05.12.2024
La guerre en Ukraine : jusqu’où ?
Édito
1 septembre 2022
Comment se terminent généralement les guerres ? Elles peuvent prendre fin lorsqu’une médiation internationale réussit. Cependant, dans ce cas, on ne voit pas qui pourrait prendre le rôle de médiateur. Aucun des pays occidentaux ne peut remplir ce rôle. Étant alliés à l’Ukraine, ces derniers ne peuvent être considérés comme neutres par la Russie. La Chine non plus, jugée trop proche de la Russie. Rares sont donc les pays qui peuvent être acceptés comme médiateurs par Kiev et Moscou. La Turquie, avec l’aide de l’ONU, a pu obtenir un accord minimal sur l’exportation de céréales à partir de la mer Noire, mais cela ne permet pas à Ankara d’être tenu comme le faiseur de paix entre la Russie et l’Ukraine.
Deuxième hypothèse, la guerre peut également prendre fin par l’épuisement des protagonistes. Ce serait en effet parce que les belligérants sont épuisés que la guerre prendrait fin, en témoigne la fin de la longue et si coûteuse guerre entre l’Iran et l’Irak en 1988. Cependant, dans le cas présent, les protagonistes sont certes très atteints d’un point de vue matériel et humain, mais on ne peut pour le moment parler d’épuisement ni d’un côté ni de l’autre. D’autant que l’enjeu est trop important pour chaque protagoniste. Côté ukrainien, c’est le territoire national qui est en jeu. Côté russe, c’est le régime même qui pourrait tomber s’il était contraint à mettre fin à la guerre sur une défaite.

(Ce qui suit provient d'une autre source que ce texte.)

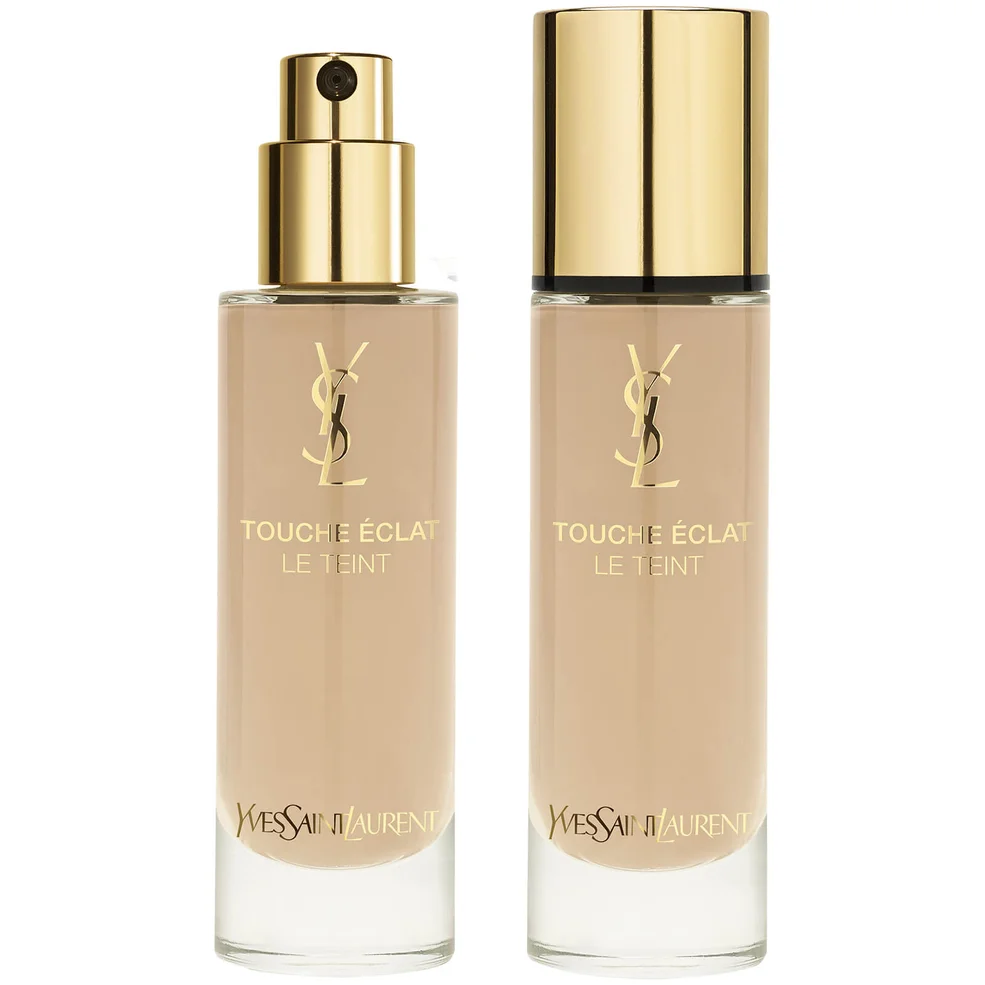 Yves Saint Laurent Touche Éclat Le Teint Foundation (Various Shades) Image 1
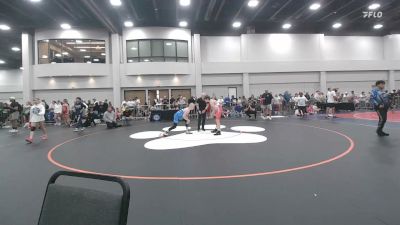 135 lbs Quarters - Parker Shealey, The Colosseum Training Center vs Jaxson Mercer, Gamehouse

Troisième possibilité enfin, la guerre pourrait prendre fin par une victoire d’un des deux protagonistes. Là aussi on voit difficilement qui pourrait réclamer une victoire, car il semble que l’affrontement s’équilibre. Il y a certes un avantage qui devrait s’accentuer côté ukrainien s’agissant du matériel militaire – grâce au soutien occidental – mais la Russie est désormais en position défensive dans le Donbass et pour reconquérir un territoire il faut généralement trois fois plus de troupes à l’offensive qu’à la défensive. Le plus probable est donc que cette guerre d’une assez grande intensité s’inscrive dans la durée.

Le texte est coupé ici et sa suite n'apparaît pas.